6月はアイルランドでも雨がよく降りました。
雨の晴れ間の日に、家から20分ほどのアッシュフォード(Ashford)へ。
マウントアッシャーガーデン Mount Usher Gardens 隠れ家のような素敵な庭園です。
ヴァートリー川の流れに沿って、広い庭をぐるっと一回り、散歩しましょう。
始まりは、小さな水車小屋
マウントアッシャーガーデンの今あるところは、もともと湖だったそうです。
エドワード・ウォルポール(Edward Walpole)という人が、この場所にあった小さな水車小屋と2エイカー(2500坪)ほどの土地を買ったところから始まりました。
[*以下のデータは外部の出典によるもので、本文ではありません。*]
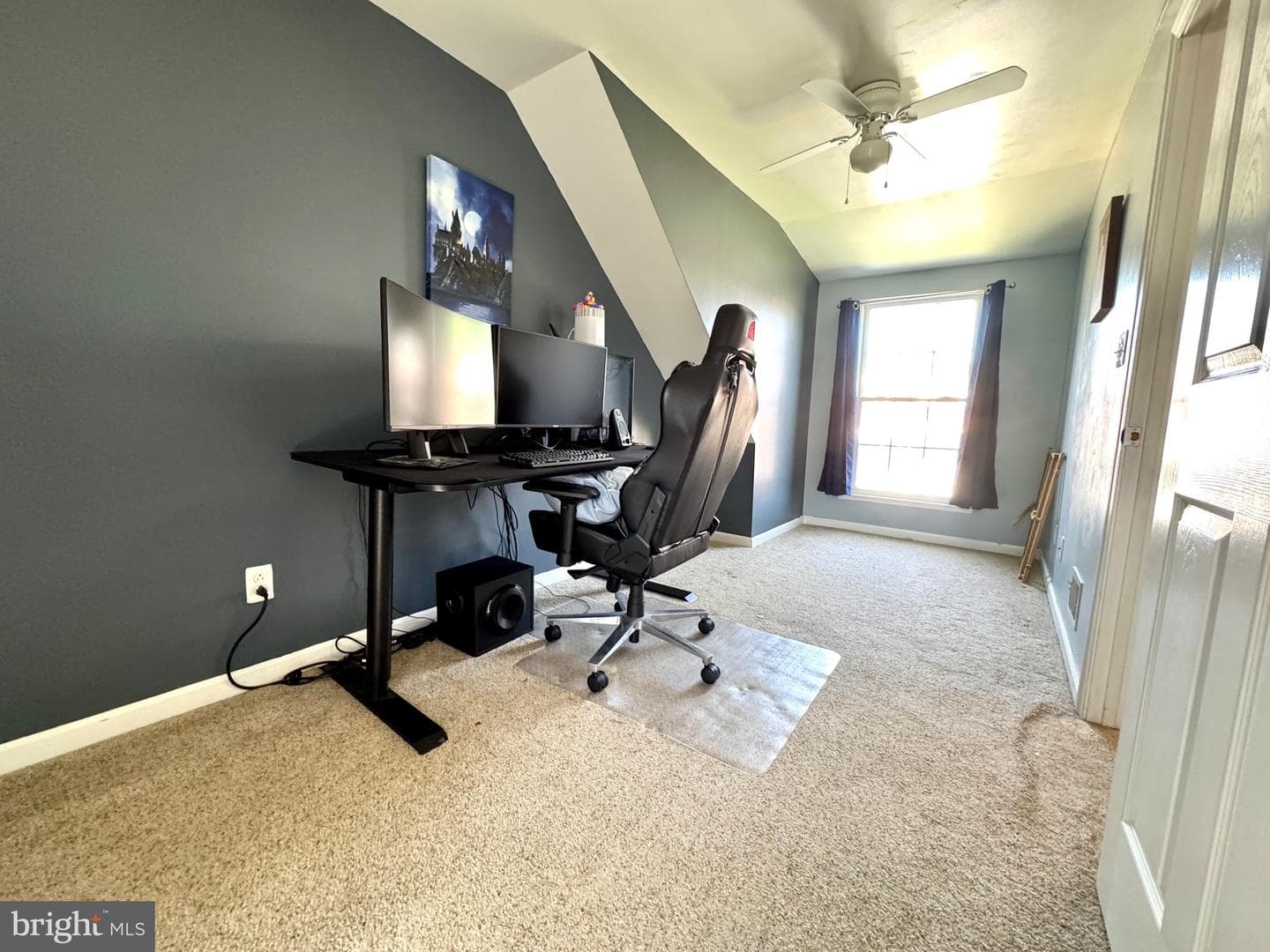 3426 Loganview Drive photo 13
ウォルポール家は、19世紀に麻の繊維工業で財を成した家でした。
そのウォルポール家の当主エドワードは、ウィックローの山を歩くのが大好きで、ダブリンからアッシュフォードに来ては、近くのハンターズホテルに泊まっていたのです。
そうして通っているうち、地元の粉挽きのサム・サットン爺さん(Sam Sutton)と友だちになり、ホテルに泊まらずにのサム爺さんの水車小屋に泊まりに行くようになったのです。
水車小屋は、はじめは毛織り物の汚れを落とす水通しの仕事をしていました。産業革命で毛織り物の仕事は機械でするようになって、トウモロコシを挽いていました。
水車小屋のあった場所に、今は家が建っています。
庭園の真ん中あたりの川のほとりです。
水車小屋の前に狭い庭があって、サム爺さんがジャガイモ畑を作っていたそうです。
1868年(明治元年)サム爺さんが水車の仕事をやめたとき、エドワードが水車小屋と土地を買いました。
この場所に、
「自然を生かした庭園を作ろう」
と心に決めたエドワードの第一歩でした。
それから100年にわたって、ウォルポール家の子孫が代々、少しずつ土地を買い足しながら、南北アメリカやアジアなど、世界各地から集めた珍しい木々を植え育てました。
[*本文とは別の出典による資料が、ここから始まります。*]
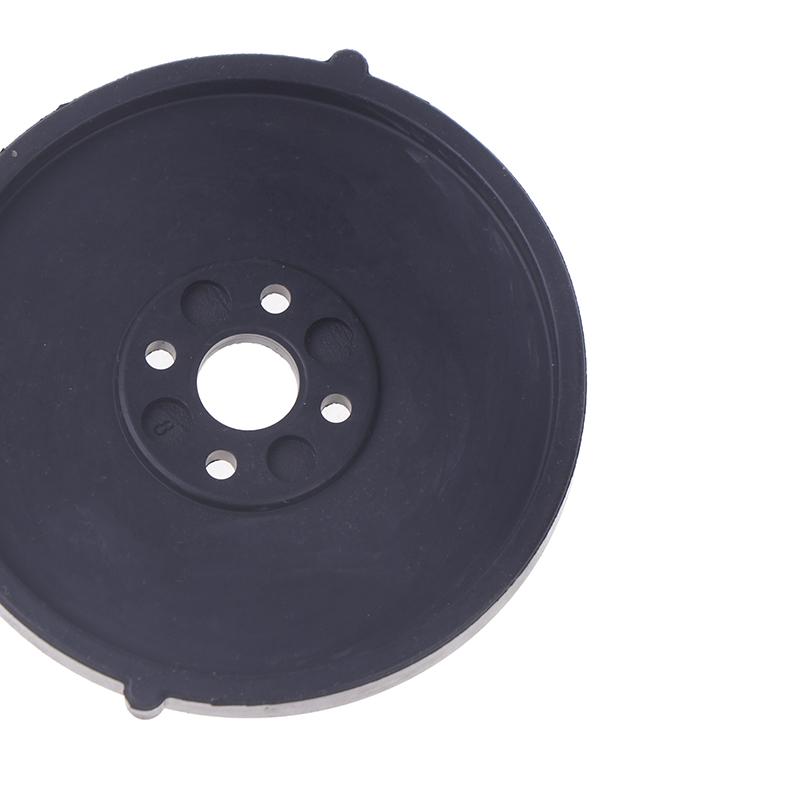 Lp-20/40/60/100 Air Pump Parts Suction Cups Latin Diaphragm Gasket Air Pump Leather Cup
今では20エイカー、つまり約8万平米、日本の単位でいうと2万4500坪ほどの広さの庭園です。
東京ドームの1.7倍の広さと言ったほうがわかりやすいかもしれません。
その広大な庭に、5000種類もの植物が植えられています。
自然を尊重する庭づくり
エドワードが庭を作ろうと決めた背景には、その頃に有名だったウィリアム・ロビンソン(William Robinson)の考えがありました。
それまでの庭園は、部屋の中の装飾を庭にまで延長するような、豪華で人工的なものでした。
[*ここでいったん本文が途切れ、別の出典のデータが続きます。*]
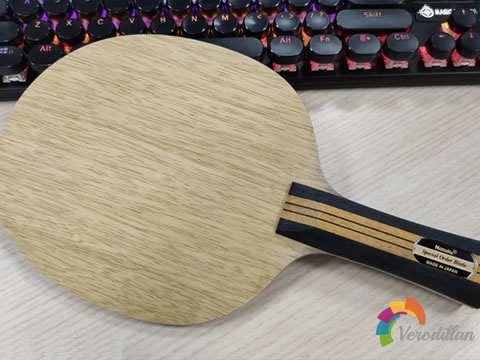 [使專心得]尼塔庫(kù)吉他碳素內(nèi)置特注怎么樣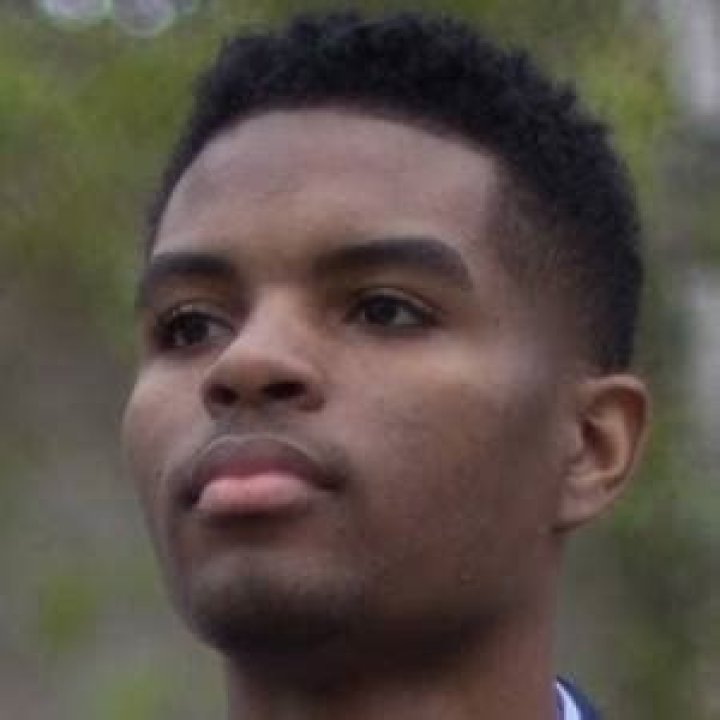 Jeremy Green (Violist) - Age, Birthday, Bio, Facts, Family, Net Worth, Height & More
温室で作った花を、カーペットのように敷き詰めて、植える。
豪華なバラの香りでいっぱいな庭園。
例えばフランスのヴェルサイユ宮殿やロワール川沿いの城の庭のように、幾何学模様などの人工的な形に作り込んだ庭がもてはやされていました。
しかし、1838年にアイルランドで生まれた造園家ロビンソンは、自生する草花の魅力を生かして自然を尊重する庭園のありかたを求めました。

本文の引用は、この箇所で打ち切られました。